Brasil decepciona na tarefa crítica de oferecer creches a quem precisa
Por Editorial / O GLOBO
O acesso a creches no Brasil tem crescido em ritmo abaixo do aceitável. Com apenas 41% das crianças de até 3 anos atendidas, a meta de 50% ainda está distante. De cada dez, duas ficam fora da educação infantil por não encontrar creche (ao todo, 2,2 milhões). Desgraçadamente, as mais afetadas são as que mais precisam de atenção. Entre as mais pobres, 29% não acham creche.
Como mostra análise da ONG Todos pela Educação, elaborada a partir de dados da Pesquisa Nacional por Amostra de Domicílios Contínua (Pnad-C) e do Censo Escolar, as regiões Norte e Nordeste exibem os indicadores mais críticos. No Amapá, o pior colocado, apenas 10% das crianças são atendidas. No Amazonas e no Acre, a parcela não chega a 20%. Em Pernambuco, 32,5%. São Paulo e Santa Catarina são os estados com maiores taxas de atendimento, mas nenhum passa de 60%.
As capitais do Nordeste com as maiores taxas de atendimento a crianças de zero a 3 anos são Fortaleza e Recife. Porém nenhuma das duas está acima da média. Entre 2019 e 2024, Macapá ampliou as matrículas em 63%, mas continua ocupando a última colocação em cobertura entre as capitais. Para sair dessa situação vexatória, precisará acelerar ainda mais a construção de creches. O mesmo vale para todas as capitais com atendimento abaixo de 30%: Goiânia, Boa Vista, Belém, Rio Branco, Porto Velho e Manaus. Embora ocupe o primeiro lugar em taxa de atendimento, São Paulo, em termos absolutos, tem déficit de 211 mil vagas, o terceiro maior do país, atrás apenas de Minas Gerais (247 mil) e Bahia (220,5 mil).
Passou da hora de governadores e prefeitos ampliarem a oferta desse serviço. As creches são uma política contra a desigualdade. Nos primeiros anos de vida, o cuidado e os estímulos adequados são fundamentais para desenvolver a memória e a execução de tarefas. Famílias de todas as faixas de renda que preferem deixar os filhos pequenos em casa, mas lhes dão atenção, não são o problema. O drama está em todas as que não conseguem, buscam creches e não encontram. Em favelas de grandes metrópoles, as cuidadoras informais são onipresentes. Recebem inúmeras crianças em suas casas e as deixam boa parte do tempo brincando, diante da TV ou eletrônicos. Longe da educação infantil, essas crianças começam a vida em desvantagem.

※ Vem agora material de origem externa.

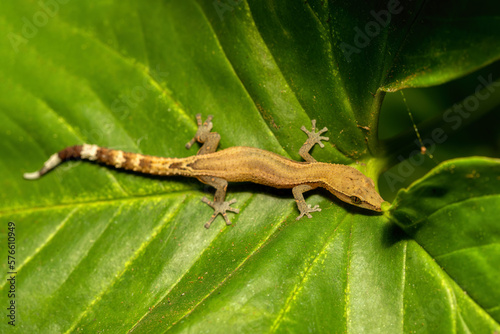 Madagascar clawless gecko (Ebenavia inunguis), endemic small nocturnal species of lizard, Ranomafana National Park, Madagascar wildlife animal photo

Creches também favorecem o equilíbrio entre os gêneros. Em 2023, a americana Claudia Goldin ganhou o Nobel de Economia por seu trabalho a respeito do desempenho profissional feminino. Nas suas investigações, ressaltou a diferença de rendimentos entre homens e mulheres depois do nascimento dos filhos. Por questões culturais, as mães sobrecarregadas com o cuidado dos bebês demoram a voltar a trabalhar. As creches aumentam a participação feminina no mercado de trabalho e elevam a renda das famílias. Não faltam, portanto, motivos para governos municipais e estaduais as encararem como prioridade.